My project aims to simulate a fiscal society where there are tree possible actions: pay taxes, pay more taxes (voluntarily) and evade. I want my DQN agent to learn to maximize its wealth by learning the best action depending on the state of the environment. My DQN agent looks like this:
dqn_agent.DqnAgent(
self.entorno_entrenamiento.time_step_spec(),
self.entorno_entrenamiento.action_spec(),
q_network=self.q_network,
optimizer=tf.compat.v1.train.AdamOptimizer(learning_rate=1e-4),
td_errors_loss_fn=common.element_wise_squared_loss,
train_step_counter=tf.Variable(0))
The neural network is like this:
QNetwork(
self.entorno_entrenamiento.observation_spec(),
self.entorno_entrenamiento.action_spec(),
fc_layer_params=(128,64,64,32))
And the main training loop:
observer = [buffer.add_batch]
driver = dynamic_step_driver.DynamicStepDriver(
self.train_env,
random_policy,
observers=observer,
num_steps=50000).run()
dataset = buffer.as_dataset(
num_parallel_calls=3,
sample_batch_size=64,
num_steps=2).prefetch(3)
iterator = iter(dataset)
reward = 0.0
for i in range(n_iteraciones):
# Train the agent.
experience, _ = next(iterator)
loss = self.agenteDQN.train(experiencia).loss
step = self.agenteDQN.train_step_counter.numpy()
reward += experience.reward[0].numpy()[0]
# Evaluate the agent.
if step % log_interval == 0:
average_reward = recompensa / log_interval
reward = 0.0
print('step = {0}: loss = {1}, average reward = {2}'.format(step, loss, average_reward))
loss.append(loss)
rewards.append(average_reward)
My custom environment implements the py_environment interface from Tensorflow:
def calculate_reward(self, action, state, new_state):
fairness = state[0]
wealth = state[2]
old_wealth = new_state[2]
diff = wealth - old_wealth
if action == 0: # pay min
if fairness > 0.5:
reward = diff + 1
else:
reward = diff
elif action == 1: # pay max
reward = diff
else: # evade
if fairness < 0.6:
reward = diff + 1
else:
reward = diff
return reward
def _step(self, action):
if self._episode_ended:
# The last action ended the episode. Ignore the current action and start
# a new episode.
return self.reset()
self._n_steps += 1
old_state = self._state
self._agents.step(action)
self._state = self._agents.observation()
self._reward = self.calculate_reward(action, old_state, self._state)

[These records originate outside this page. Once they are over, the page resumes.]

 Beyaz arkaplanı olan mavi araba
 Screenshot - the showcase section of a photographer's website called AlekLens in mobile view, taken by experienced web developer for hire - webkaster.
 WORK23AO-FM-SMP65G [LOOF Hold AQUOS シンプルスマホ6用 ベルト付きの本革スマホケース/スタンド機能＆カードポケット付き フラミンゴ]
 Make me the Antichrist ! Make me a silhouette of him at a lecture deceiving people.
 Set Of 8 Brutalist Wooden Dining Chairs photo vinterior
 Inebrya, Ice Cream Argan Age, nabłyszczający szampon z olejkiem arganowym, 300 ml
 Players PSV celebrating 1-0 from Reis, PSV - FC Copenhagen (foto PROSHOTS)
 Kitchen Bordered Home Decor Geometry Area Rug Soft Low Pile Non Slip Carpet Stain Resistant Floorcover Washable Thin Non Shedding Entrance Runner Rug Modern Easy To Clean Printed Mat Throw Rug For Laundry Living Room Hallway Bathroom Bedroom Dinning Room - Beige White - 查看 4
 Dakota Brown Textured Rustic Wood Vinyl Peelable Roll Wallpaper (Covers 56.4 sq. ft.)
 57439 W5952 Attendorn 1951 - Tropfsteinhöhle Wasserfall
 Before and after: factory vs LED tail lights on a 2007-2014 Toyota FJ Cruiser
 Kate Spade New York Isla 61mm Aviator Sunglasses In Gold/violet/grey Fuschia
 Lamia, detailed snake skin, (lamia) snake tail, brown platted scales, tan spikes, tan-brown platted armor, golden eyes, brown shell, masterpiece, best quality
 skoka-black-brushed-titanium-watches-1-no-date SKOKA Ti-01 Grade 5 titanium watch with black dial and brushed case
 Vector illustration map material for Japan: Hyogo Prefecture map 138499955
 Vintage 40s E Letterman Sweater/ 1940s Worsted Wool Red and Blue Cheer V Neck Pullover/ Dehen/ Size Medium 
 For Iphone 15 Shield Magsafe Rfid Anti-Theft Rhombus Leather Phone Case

if (self._n_steps >= 400) or (self._state[2] > 0.65 and self._n_steps >= 400):
self._episode_ended = True
if self._n_steps >= 400 and self._state[2] < 0.66:
return ts.termination(self._state, reward=0.0)
else:
return ts.termination(self._state, reward=10.0)
else:
return ts.transition(self._state, reward=self._reward, discount=1.0)
The state is a list of 3 float numbers between 0 and 1 both included ([fairness, gini_coeficient, agent_normalized_wealth])
When I train the agent 500000 the loss converges but the average reward is not increasing. I have tried to tune the hyperparameters but I still got the same problem. Any ideas of what should I try?